SANTIAGO, Chile — Former East German first lady Margot Honecker, who defended the now-vanished Communist country to the end, died Friday in Chile at age 89, a family friend confirmed.

Honecker had lived since 1992 in Chile, three years after the toppling of the Berlin Wall signaled the impending collapse of the socialist government. Her husband, Erich Honecker, died in 1994 after joining her in Chile.

A family friend and member of Chile’s Communist Party confirmed the death.

Honecker, who remained unrepentant about the country’s record of repression, had been education minister and dictated what children in rigidly orthodox East Germany learned for 26 years.

She said youngsters must defend socialism “if necessary with a weapon in the hand,” and one of her pet projects was field trips by kindergarten children to military bases.

Born Margot Feist in the eastern city of Halle on April 17, 1927, Honecker grew up in a poor family.

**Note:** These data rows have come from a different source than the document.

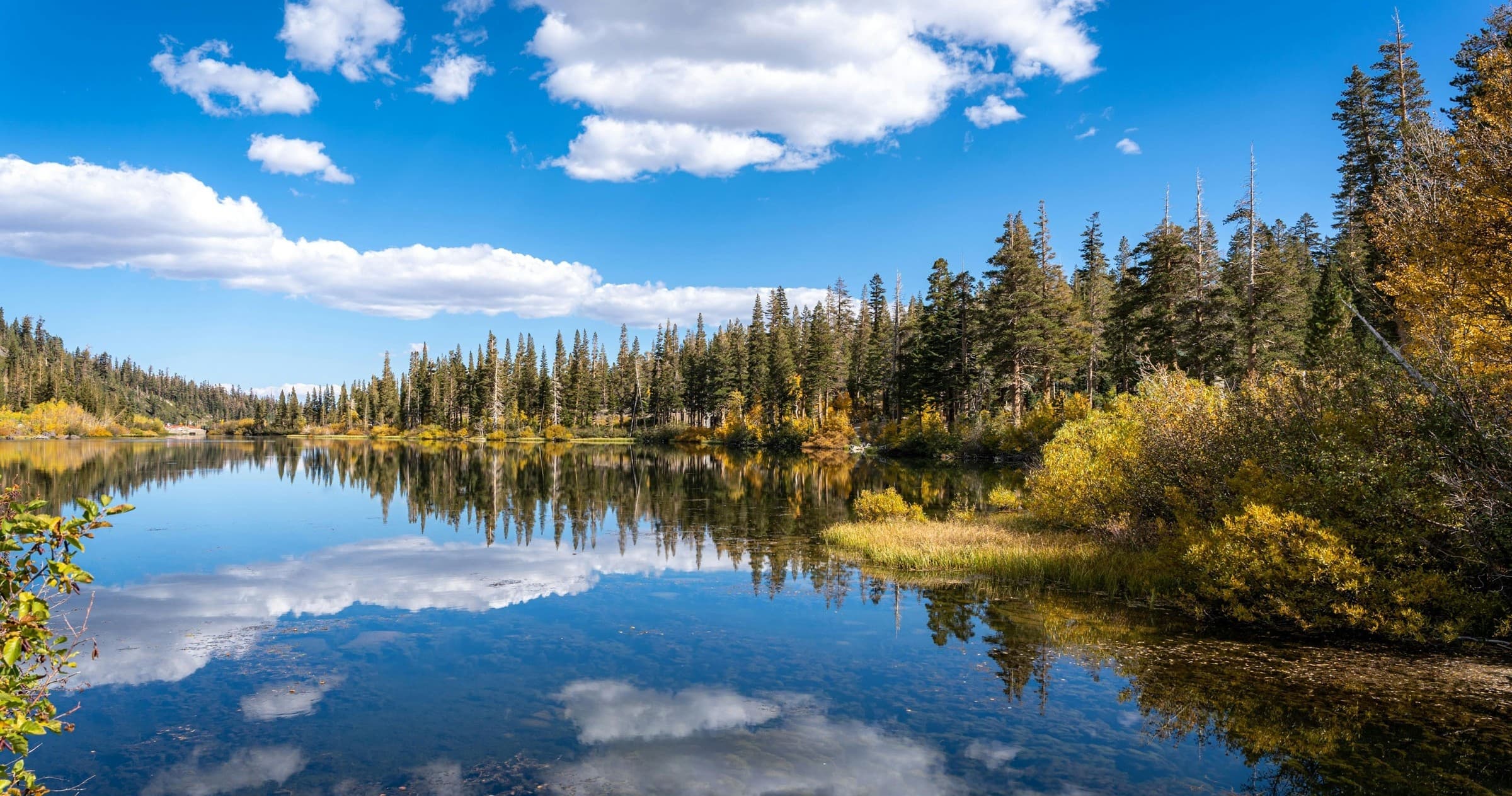 Scenic mountain lake reflection with pine forest and clear blue sky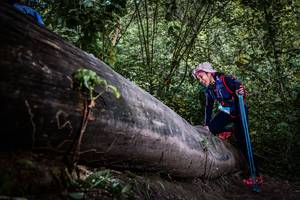 BIB: 
                            <button type="button" onclick="openModal(13520049)" class="btn btn-primary btn-sm float-right btn-popup" data-toggle="modal" data-target=".modal-high-quality">
                        <i class="fas fa-shopping-cart"></i> Add to Cart
                    </button>
                                            <button type="button" onclick="isThisMe(13520049, true)" class="btn btn-success btn-sm float-right btn-popup btn-isme hidden" data-toggle="tooltip" data-placement="bottom" title="นี่คือรูปของคุณใช่ไหม คลิกที่นี่เพื่อเอาเข้าอัลบั้ม">
                        <i class="fas fa-plus"></i> Add to album
                    </button>
                    <button type="button" onclick="isThisMe(13520049, false)" class="btn btn-warning btn-sm float-right btn-popup btn-isnotme hidden">
                        <i class="fas fa-ban"></i> Remove from album
                    </button>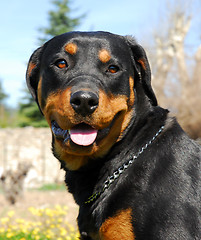 Image showing rottweiler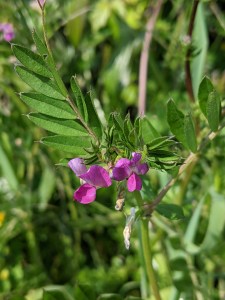 PXL_20210418_135931858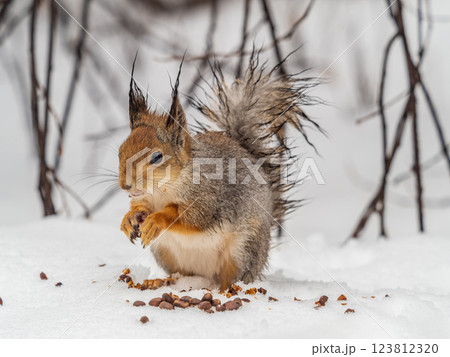 The squirrel in winter sits on white snow. The squirrel in winter sits on white snow. 123812320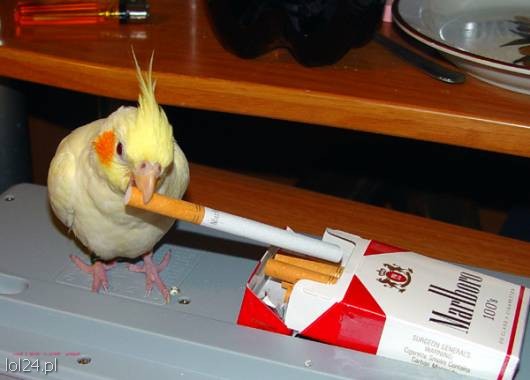 Humor - papuga i papierosy.jpg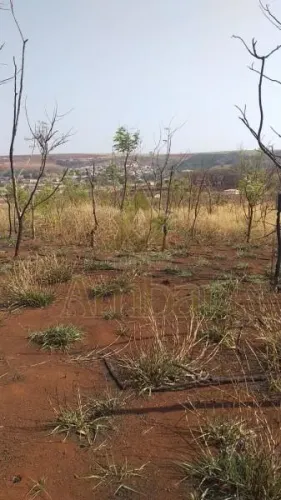 Venda de Comercial / Terreno na cidade de DUMONT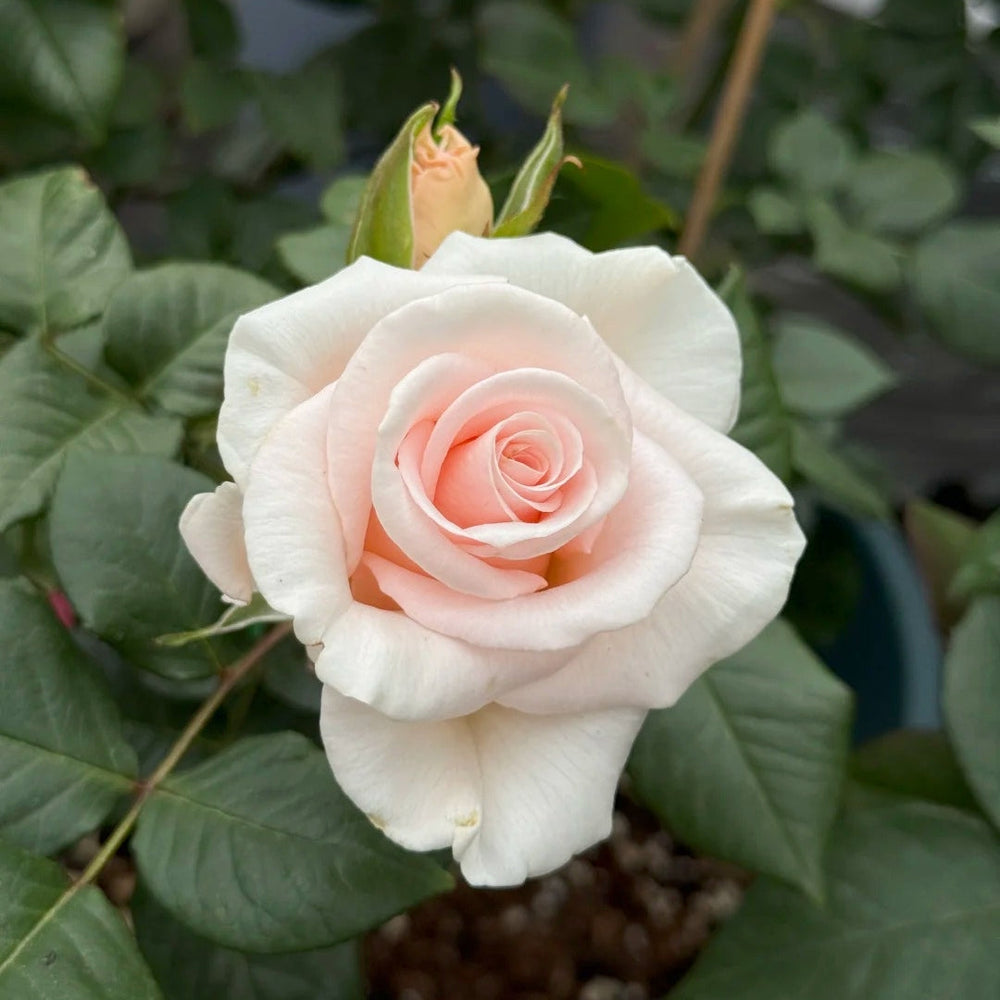 Luxury Rose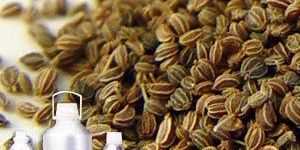 Celery Seed Oil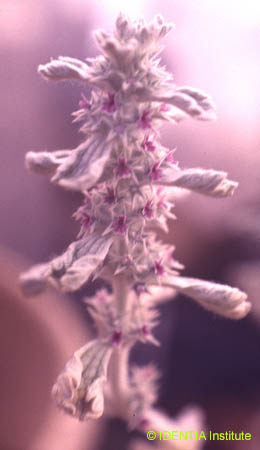 Marrubium vulgare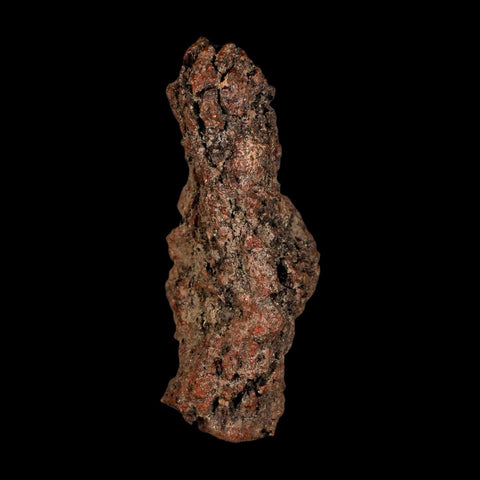 3.4" Prehistoric Coprolite Fossil Specimen Poop Dung Miocene Madagascar - Fossil Age Minerals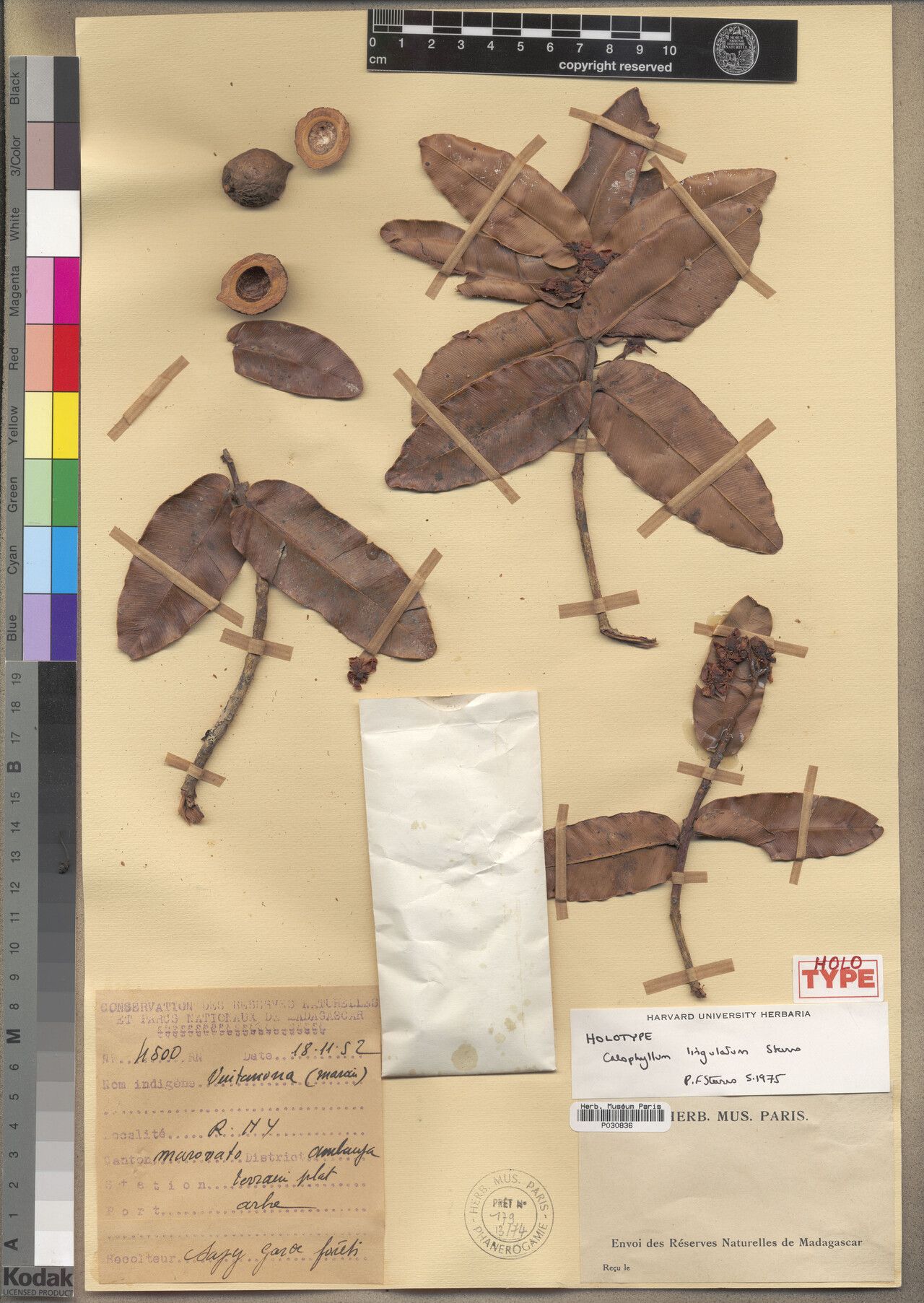 Calophyllum lingulatum — search result for 'Calophyllum'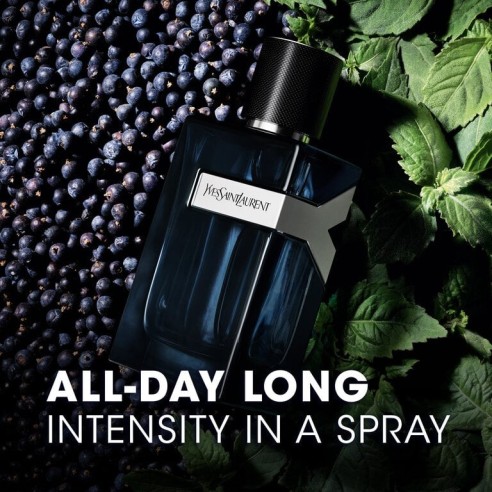 Yves Saint Laurent Y Intense EDP kvepalai vyrams, 100 ml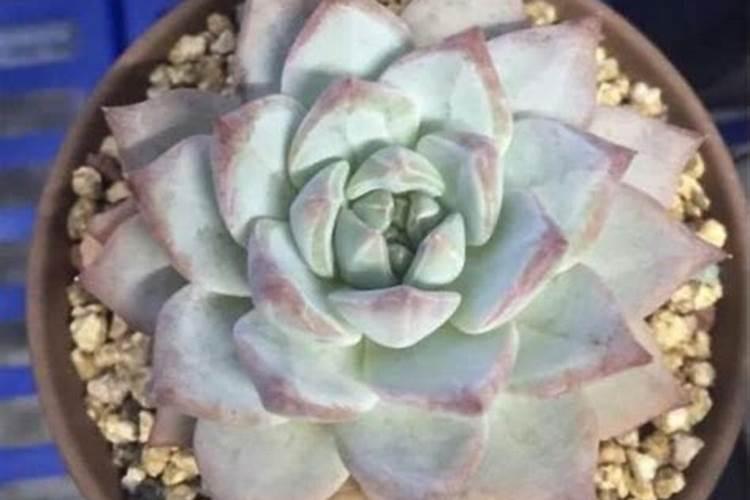 自己种的葱拿什么施肥 施什么肥长的又快又好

She trained as a saleswoman before taking a job as a telephone operator.

She became a member of the Communist Party in 1945, and then rose through the ranks of the communist youth organization, the Free German Youth.

In 1950, at age 22, she became the youngest lawmaker in the fledgling East German parliament. She married Erich Honecker in 1953.

She started work at the Education Ministry in 1955 and rose to become minister in 1963.Margot Honecker resigned shortly before the Wall fell in November 1989, with the communist system in crisis and her husband already ousted as East German leader.